That picture by Robert Chappell shows a car being hoisted off MacBrayne's MV Loch Seaforth. From 1947 to 1972, she was the ferry (as we would say nowadays; at the time they would have said "steamer" even though the Loch Seaforth wasn't a steamship) which served Stornoway, sailing daily from the railheads of Mallaig and Kyle of Lochalsh. Her sailings were designed around passengers joining her off trains from Glasgow and Inverness. Passengers driving from Glasgow to Lewis (a tiny minority in the 1950s) had to have their cars craned on and off as seen above. (Robert's picture is actually taken at Armadale on Skye: between her Stornoway sailings in the late 50s, the Loch Seaforth crossed from Mallaig for the conveyance of cars as an alternative to the car ferries to Skye at Kyle of Lochalsh. Exactly as today's Mallaig-Armadale ferry continues to provide an alternative to the bridge to Skye at Kyle.)


The second picture I found shows the next development - the first car ferry on the Stornoway run. George Woods' picture above shows the Loch Seaforth's successor from May 1972, the MV Iona, at Kyle of Lochalsh.

What makes George's picture so interesting is that the Iona sailing from Mallaig and Kyle was just a short term stopgap measure. The long term plan was to move the Stornoway sailings to Ullapool and this duly commenced in March 1973. It was one of the outermost ripples of the move from rail to road based transport which swept through Britain in the 1960s. There's no railway to Ullapool but it's much the most convenient port to Stornoway for the motorist.

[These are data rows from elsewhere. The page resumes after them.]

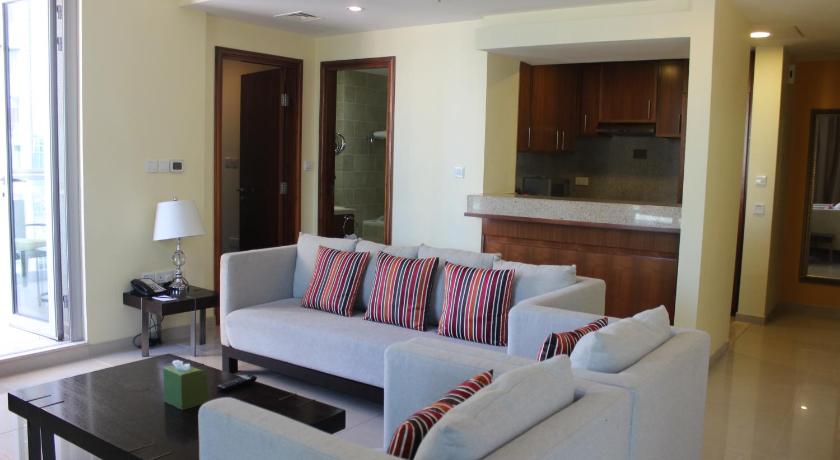 Image of 1 Bedroom, King, Fountain View, Non-Smoking 7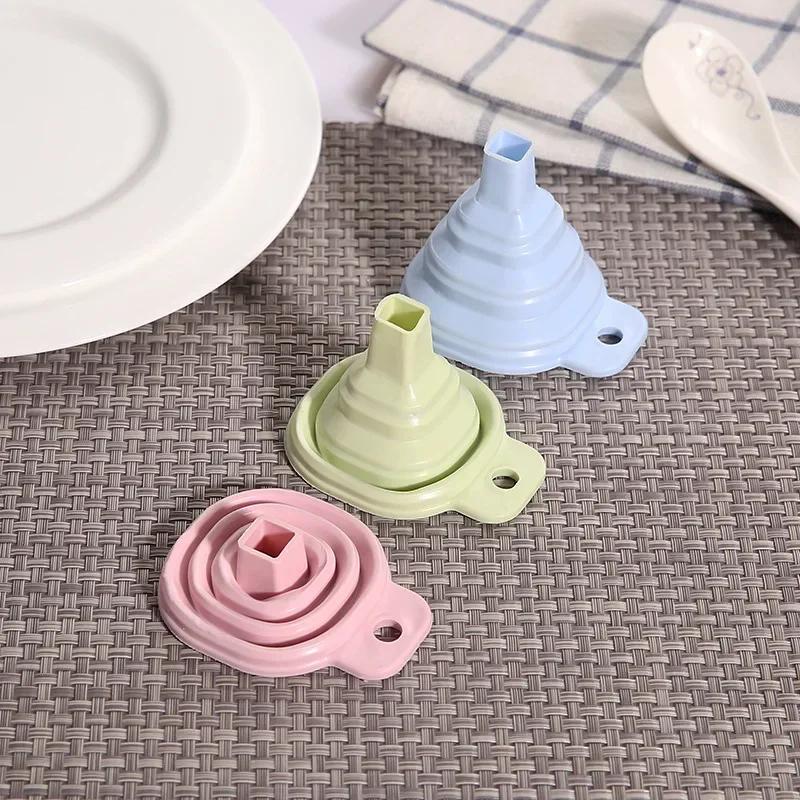 Folding Telescopic Funnel Home Silicone Oil Leak Kitchen Small Liquid Funnel Convenient Practical High Temperature Resistance синій
Folding Telescopic Funnel Home Silicone Oil Leak Kitchen Small Liquid Funnel Convenient Practical High Temperature Resistance синій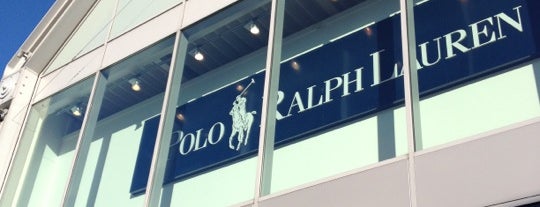 Polo Ralph Lauren Home is one of Orte, die Kevin gefallen.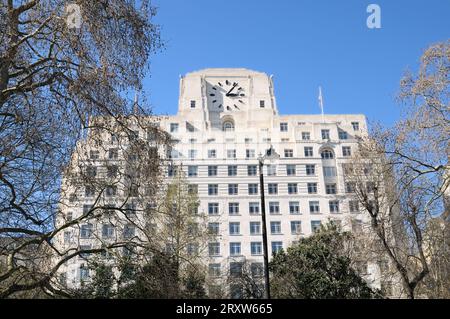 La Shell Mex House, ufficialmente conosciuta come 80 Strand. Londra, Inghilterra. Edificio Art Deco con il quadrante dell'orologio più grande del Regno Unito. Costruito nel 1930-1931. Foto Stock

To bring this story down to date, a contract has just been placed for the latest ferry to operate the Ullapool-Stornoway route:-

 An ugly looking brute (although I remember saying exactly the same when I saw the Iona for the first time in the 1970s). More details about the new Stornoway ferry on CMAL's website. It is not uncontroversial. As I understand it, much the better option to replace the aging (1995) existing vessel would have been to commission two smaller ships to shuttle back and forward giving greater frequency of service. But "two small" is more expensive than "one big" (particularly paying two crews) so considerations of affordability have prevailed over the preferred option.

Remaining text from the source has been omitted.